The biggest thing for us is to accelerate our product sustainability. We’re looking at this across every stage of the product lifecycle, from sourcing raw materials, to design, production and use. This includes working to find innovations for the materials of tomorrow, reducing the environmental impacts of the materials and processes used to make our products and protecting the human rights of those within our supply chain.
- How do you believe increasing the sustainability of our products will make them more appealing to consumers?
While there’s sometimes a disconnect between what consumers say they want and what they actually do, they’re becoming more knowledgeable about how and where their products are made, and we expect the demand for sustainable products to increase over time.
It’s becoming the expectation of businesses and we want to be future facing; that’s why our teams are increasing the focus on sustainability as part of the product development process.
- You talk about ‘making brands matter to more people’ – what do you mean by that?
It’s about making sure our brands connect to the consumer with an emotional purpose. It goes beyond a black jacket; it’s about having a black jacket that consumers know will keep them dry in the rain because it’s a Berghaus jacket. It’s about a Speedo swimsuit that makes them feel good in the pool or a Canterbury rugby shirt that’s worn with pride and holds up on the toughest rugby field.
And it’s a pair of Kickers shoes worn on the first day at school then lasts the whole year, or a beautiful pair of Karen Millen shoes perfect for a friend’s wedding or an important job interview. That what we mean by ‘making brands that matter’.
- How would you describe the culture and business to someone interested in working for Pentland Brands?
We’re a family-owned business so we can take long term decisions and we recognise the benefits of having a great culture and team.
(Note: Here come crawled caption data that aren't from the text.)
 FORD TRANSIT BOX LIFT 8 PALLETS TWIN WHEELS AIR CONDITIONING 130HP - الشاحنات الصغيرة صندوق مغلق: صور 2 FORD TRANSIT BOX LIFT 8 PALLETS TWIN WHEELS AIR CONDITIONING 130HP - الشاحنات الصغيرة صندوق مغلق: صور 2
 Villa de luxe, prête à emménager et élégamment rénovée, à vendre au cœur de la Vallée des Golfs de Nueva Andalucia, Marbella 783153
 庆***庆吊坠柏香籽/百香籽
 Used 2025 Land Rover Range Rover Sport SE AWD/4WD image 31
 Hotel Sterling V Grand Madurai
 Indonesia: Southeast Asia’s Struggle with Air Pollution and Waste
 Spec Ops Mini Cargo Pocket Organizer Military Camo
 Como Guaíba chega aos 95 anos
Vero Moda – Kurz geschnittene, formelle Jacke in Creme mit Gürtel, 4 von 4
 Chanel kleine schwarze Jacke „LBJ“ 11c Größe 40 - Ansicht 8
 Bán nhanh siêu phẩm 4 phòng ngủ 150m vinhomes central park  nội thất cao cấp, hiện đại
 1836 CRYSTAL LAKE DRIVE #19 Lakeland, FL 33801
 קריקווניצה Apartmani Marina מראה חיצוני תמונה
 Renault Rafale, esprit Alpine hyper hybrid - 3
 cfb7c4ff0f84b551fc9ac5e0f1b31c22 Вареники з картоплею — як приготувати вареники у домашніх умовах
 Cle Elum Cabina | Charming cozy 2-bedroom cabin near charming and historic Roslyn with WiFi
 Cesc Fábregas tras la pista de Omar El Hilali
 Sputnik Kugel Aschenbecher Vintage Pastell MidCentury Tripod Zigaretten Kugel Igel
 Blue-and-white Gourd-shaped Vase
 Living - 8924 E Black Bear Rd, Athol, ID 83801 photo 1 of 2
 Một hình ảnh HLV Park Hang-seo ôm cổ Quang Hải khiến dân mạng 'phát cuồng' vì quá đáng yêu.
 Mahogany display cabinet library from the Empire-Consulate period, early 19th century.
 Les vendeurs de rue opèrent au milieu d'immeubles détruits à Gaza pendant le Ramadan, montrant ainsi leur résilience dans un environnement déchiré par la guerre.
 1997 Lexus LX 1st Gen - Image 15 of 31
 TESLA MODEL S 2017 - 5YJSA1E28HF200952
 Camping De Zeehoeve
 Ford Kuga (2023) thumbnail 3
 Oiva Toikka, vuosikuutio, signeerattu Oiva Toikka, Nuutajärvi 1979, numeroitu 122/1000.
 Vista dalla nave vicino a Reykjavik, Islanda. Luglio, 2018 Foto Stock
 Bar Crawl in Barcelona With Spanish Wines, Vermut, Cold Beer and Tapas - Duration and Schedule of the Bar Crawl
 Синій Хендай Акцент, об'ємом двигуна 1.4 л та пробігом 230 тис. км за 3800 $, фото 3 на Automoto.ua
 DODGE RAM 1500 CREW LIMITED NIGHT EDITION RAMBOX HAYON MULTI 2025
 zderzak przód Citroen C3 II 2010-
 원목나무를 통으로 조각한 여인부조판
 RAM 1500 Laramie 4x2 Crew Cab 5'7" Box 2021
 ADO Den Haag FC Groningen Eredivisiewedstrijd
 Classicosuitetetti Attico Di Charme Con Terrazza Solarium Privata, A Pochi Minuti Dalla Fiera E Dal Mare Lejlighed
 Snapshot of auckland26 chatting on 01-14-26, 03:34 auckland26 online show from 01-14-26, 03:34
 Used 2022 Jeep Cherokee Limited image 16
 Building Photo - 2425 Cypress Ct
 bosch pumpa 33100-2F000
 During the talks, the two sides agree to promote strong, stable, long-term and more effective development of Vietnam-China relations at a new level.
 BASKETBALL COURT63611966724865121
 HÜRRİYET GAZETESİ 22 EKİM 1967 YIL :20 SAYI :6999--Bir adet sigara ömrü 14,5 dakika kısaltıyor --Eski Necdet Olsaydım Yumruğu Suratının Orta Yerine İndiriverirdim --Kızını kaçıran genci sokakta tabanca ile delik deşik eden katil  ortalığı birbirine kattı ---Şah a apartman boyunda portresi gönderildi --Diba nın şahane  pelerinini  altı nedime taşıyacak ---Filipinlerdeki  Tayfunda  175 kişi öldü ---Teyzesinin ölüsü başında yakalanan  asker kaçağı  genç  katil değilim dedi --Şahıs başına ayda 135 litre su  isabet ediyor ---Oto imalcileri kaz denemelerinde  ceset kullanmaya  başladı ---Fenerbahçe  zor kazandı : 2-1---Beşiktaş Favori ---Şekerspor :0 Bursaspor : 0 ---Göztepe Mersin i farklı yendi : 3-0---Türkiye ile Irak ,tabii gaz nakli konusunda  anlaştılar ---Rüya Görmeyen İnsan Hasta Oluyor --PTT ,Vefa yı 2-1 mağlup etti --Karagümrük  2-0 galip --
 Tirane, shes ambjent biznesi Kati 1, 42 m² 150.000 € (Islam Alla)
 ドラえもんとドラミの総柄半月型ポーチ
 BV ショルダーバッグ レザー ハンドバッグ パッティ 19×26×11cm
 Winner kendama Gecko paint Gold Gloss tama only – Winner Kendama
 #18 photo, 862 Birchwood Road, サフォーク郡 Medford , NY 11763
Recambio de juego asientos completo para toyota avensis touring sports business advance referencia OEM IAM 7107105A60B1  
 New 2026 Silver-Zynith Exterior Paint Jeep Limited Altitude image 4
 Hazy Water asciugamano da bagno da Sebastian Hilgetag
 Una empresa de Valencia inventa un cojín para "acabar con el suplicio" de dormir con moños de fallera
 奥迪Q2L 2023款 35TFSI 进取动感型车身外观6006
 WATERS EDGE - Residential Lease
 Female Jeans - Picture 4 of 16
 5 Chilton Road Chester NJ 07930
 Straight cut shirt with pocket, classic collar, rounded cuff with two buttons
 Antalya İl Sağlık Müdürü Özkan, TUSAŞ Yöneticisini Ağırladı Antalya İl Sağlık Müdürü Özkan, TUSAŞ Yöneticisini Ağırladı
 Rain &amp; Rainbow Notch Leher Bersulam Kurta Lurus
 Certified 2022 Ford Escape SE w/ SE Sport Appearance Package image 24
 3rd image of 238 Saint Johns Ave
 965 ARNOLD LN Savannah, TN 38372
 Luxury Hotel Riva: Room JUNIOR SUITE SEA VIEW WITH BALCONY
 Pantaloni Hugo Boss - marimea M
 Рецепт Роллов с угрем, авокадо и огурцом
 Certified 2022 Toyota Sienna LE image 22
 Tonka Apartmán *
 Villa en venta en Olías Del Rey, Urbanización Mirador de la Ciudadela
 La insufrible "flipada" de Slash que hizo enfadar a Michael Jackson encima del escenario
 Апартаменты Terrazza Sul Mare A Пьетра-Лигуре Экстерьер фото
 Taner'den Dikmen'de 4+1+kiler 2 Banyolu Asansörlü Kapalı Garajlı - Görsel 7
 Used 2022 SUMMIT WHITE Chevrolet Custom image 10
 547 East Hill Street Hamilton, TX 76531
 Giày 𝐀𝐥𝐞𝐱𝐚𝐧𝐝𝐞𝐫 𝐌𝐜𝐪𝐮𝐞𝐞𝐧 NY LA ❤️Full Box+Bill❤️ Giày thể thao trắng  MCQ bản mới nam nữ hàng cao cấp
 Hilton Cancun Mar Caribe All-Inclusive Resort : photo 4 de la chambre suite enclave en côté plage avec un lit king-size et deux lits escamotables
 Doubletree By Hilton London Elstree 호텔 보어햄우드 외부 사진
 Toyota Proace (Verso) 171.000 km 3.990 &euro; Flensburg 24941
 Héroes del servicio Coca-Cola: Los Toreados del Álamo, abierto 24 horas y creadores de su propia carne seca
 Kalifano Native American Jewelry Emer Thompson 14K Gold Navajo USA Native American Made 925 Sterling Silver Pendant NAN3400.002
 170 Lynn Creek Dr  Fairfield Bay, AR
What makes us special is that we care about people and we believe in the power of the collective.
- Where do you see the Pentland Brands business in 2020?
I see us confidently growing our brand portfolio, owned and licensed, and delivering great results across our priority international markets and digital platforms.
- What was the biggest thing you personally achieved in 2018?
The acquisition of Endura, our first active brand acquisition in six years.
- What have you learnt this year about both the business and your role in it?
However hard you think change is going to be, it’s much tougher and there’s no substitute to talking directly to teams.
- What was the biggest obstacle you had to overcome in 2018?
Maintaining team energy and excitement when trading conditions were tough.
- What are you most excited about going into 2019?
Seeing the changes and transformation we made in 2018 come to fruition.
- If you could help the business achieve success one area in 2019, what would it be?
Making sure, as a business, we’re moving ever closer to the pace of the consumer.